Per circa sessant'anni creò una vera magistratura forestale che doveva reprimere i gravi abusi di alcuni Comuni e di non pochi privati che, come al solito, ogni severità non era stata sufficiente.
Furono proprio queste difficoltà che resero impossibile una più avveduta politica forestale. Così, nel 1595, il Consiglio dei Dieci tornò nuovamente a richiamare a se la direzione generale di ogni attività forestale, per poi affidarla, nel 1601, al Reggimento dell'Arsenale, quale organismo più interessato e tecnicamente più preparato.

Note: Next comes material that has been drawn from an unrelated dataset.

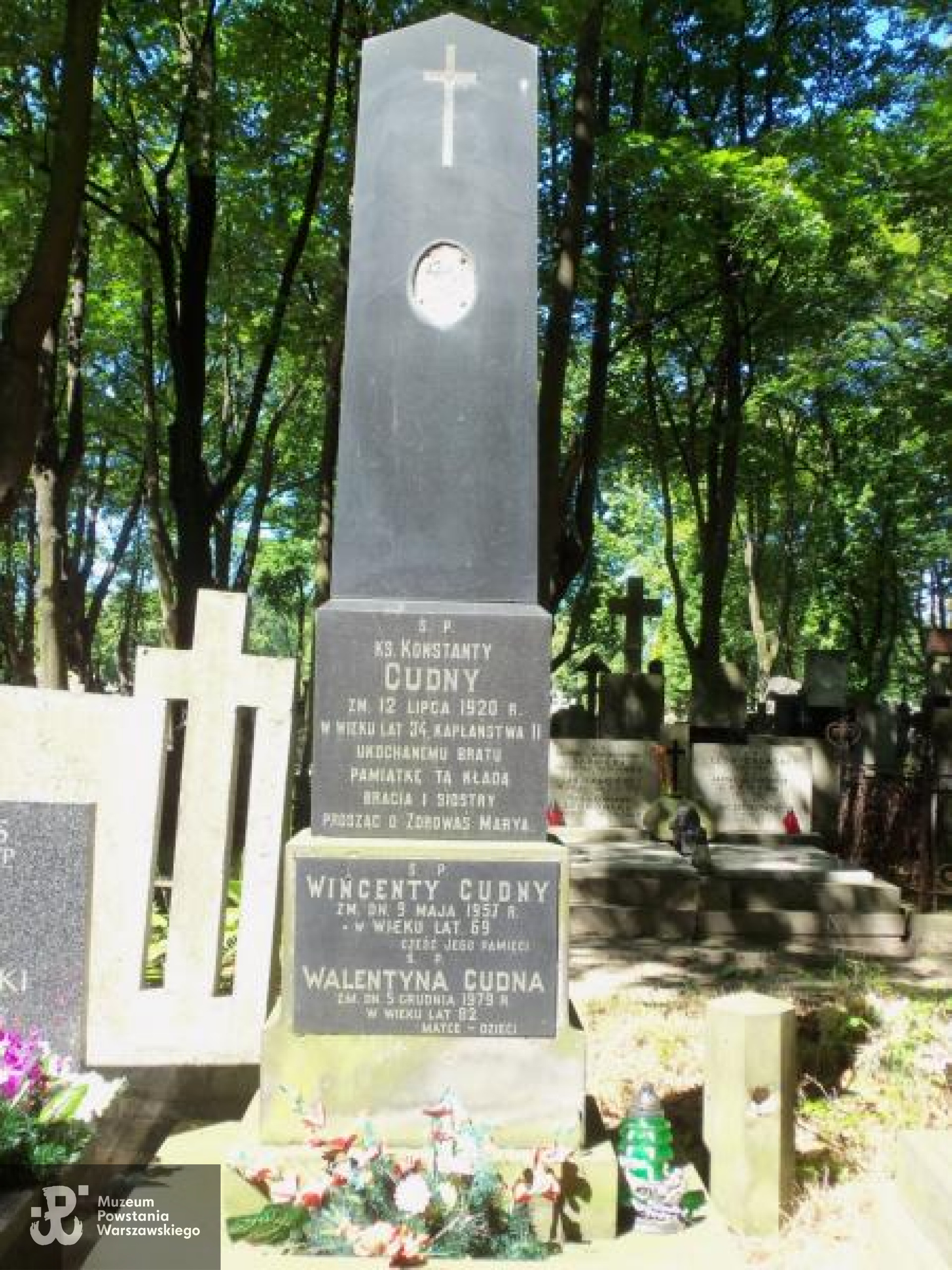 Cmentarz Powązkowski w Warszawie (Stare Powązki), kwatera 60, rząd 1, grób 29. Fot. Warszawskie Zabytkowe Pomniki Nagrobne:  serwis mapowy m. st. Warszawy: <i>cmentarze.um.warszawa.pl</i>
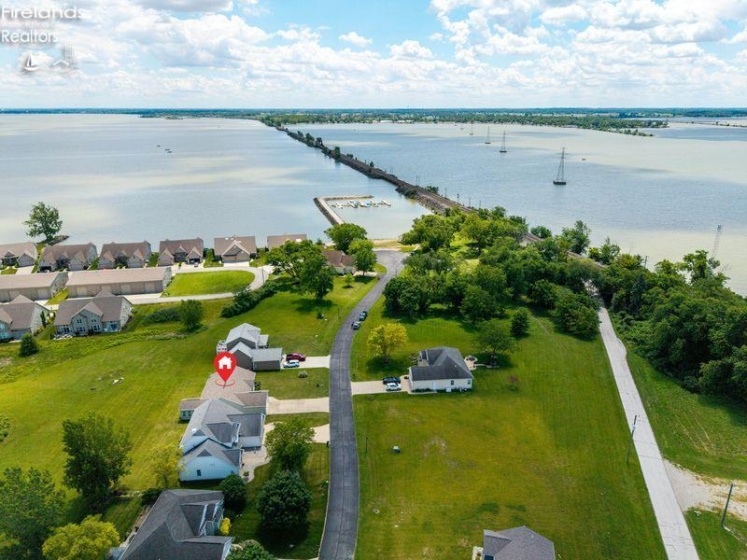 2855 Amherst, Port Clinton, 43452, 3 Bedrooms Bedrooms, ,3 BathroomsBathrooms,Residential,For Sale,Amherst,20262128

La guerra con la Turchia e la necessità di riempire nuovamente le vuote casse ducali, in condizioni disastrose, distrussero irreparabilmente le verdi montagne del Veneto e specialmente del Bellunese, del Vicentino e del Feltrino. Infatti con la legge 4 giugno 1649 fu stabilita la vendita di tutti i beni superflui ai bisogni dei Comuni.
Negli anni successivi si cercò di riparare al malfatto, ma ormai era troppo tardi. Prossima era però anche la decadenza della grande Repubblica!
Come tutto il passato anche queste leggi forestali di Venezia dimostrano come l'Italia, in questo settore della sua attività, sia stata un tempo maestra e creatrice di una legislazione forestale basata su principi prettamente tecnici conservatori e ben differente da altre consimili legislazioni europee, impostate su principi fiscali.
In sintesi le leggi forestali della Repubblica veneziana formano alcuni capitoli della nostra attuale legislazione forestale; più giustificabili le prime, più anacronistiche le seconde.
Emerge con chiarezza da questi vari provvedimenti legislativi, come la Repubblica veneziana abbia sancito, in modo inequivocabile, la destinazione del patrimonio comune a servire lo Stato come bene finale e non soltanto come bene strumentale.
La inalienabilità di questi beni demaniali e le concessioni amministrative, per le quali i privati pagavano allo Stato un compenso per l'uso del bene e la imprescrittibilità, tanto estensiva quanto acquisitiva, sono oggi, nel nostro ordinamento legislativo, le discipline che regolano l'esistenza, le attività, i rapporti dei singoli cittadini con il patrimonio nazionale.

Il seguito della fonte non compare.